*Exercise details:*
Produce a faithful copy of the data, one that leaves out the pictures.

*Data in this exercise:*
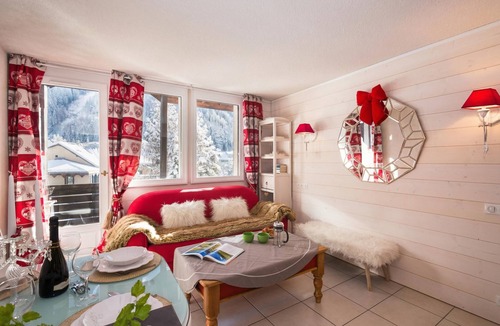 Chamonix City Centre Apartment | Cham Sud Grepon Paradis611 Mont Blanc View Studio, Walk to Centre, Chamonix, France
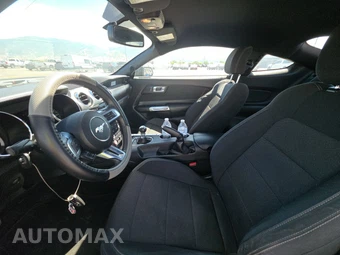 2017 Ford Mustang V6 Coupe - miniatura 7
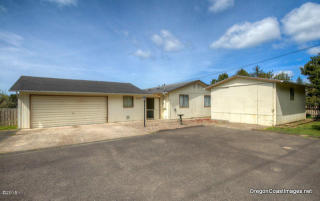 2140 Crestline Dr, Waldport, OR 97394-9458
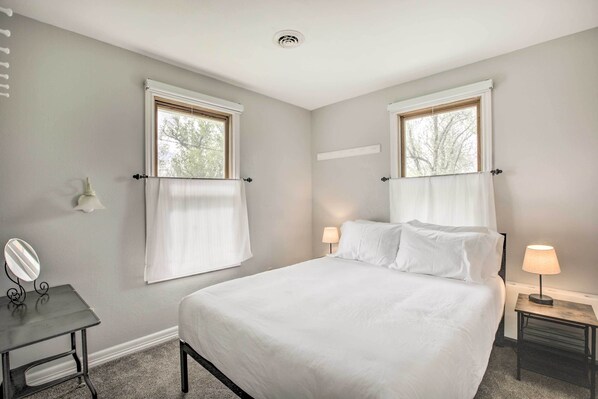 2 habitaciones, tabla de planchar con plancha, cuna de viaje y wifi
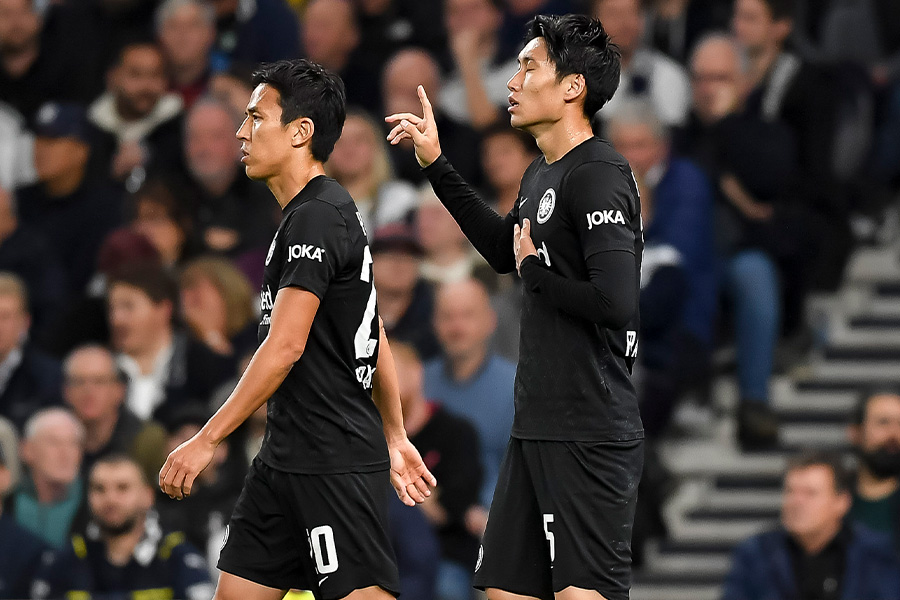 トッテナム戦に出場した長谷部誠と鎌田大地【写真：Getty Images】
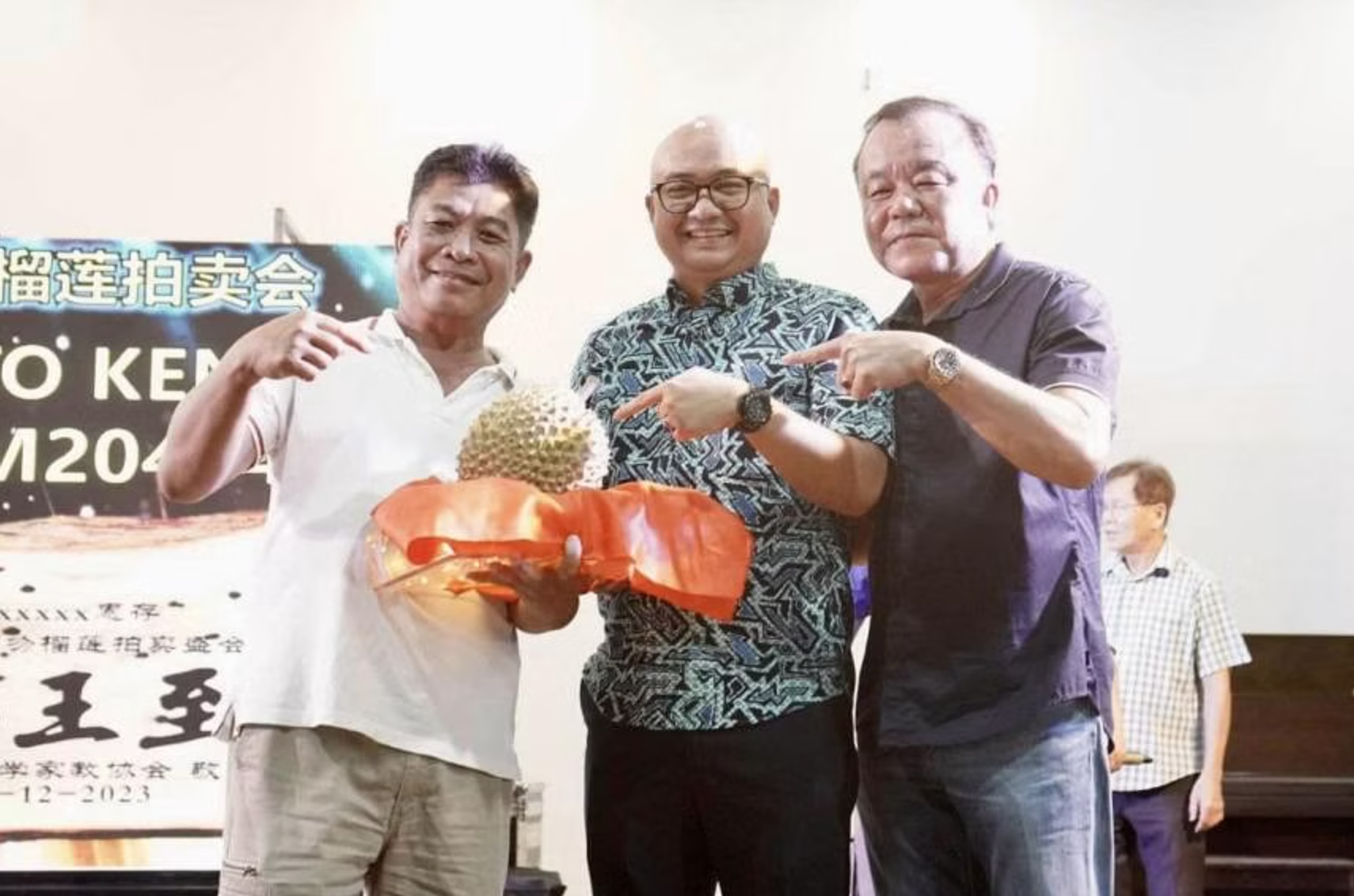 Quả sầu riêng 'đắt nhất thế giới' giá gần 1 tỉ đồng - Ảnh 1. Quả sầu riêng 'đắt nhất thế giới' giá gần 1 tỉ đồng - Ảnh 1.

*Problem solution:*
 Chamonix City Centre Apartment | Cham Sud Grepon Paradis611 Mont Blanc View Studio, Walk to Centre, Chamonix, France
 2017 Ford Mustang V6 Coupe - miniatura 7
 2140 Crestline Dr, Waldport, OR 97394-9458
 2 habitaciones, tabla de planchar con plancha, cuna de viaje y wifi
 トッテナム戦に出場した長谷部誠と鎌田大地【写真：Getty Images】
 Quả sầu riêng 'đắt nhất thế giới' giá gần 1 tỉ đồng - Ảnh 1. Quả sầu riêng 'đắt nhất thế giới' giá gần 1 tỉ đồng - Ảnh 1.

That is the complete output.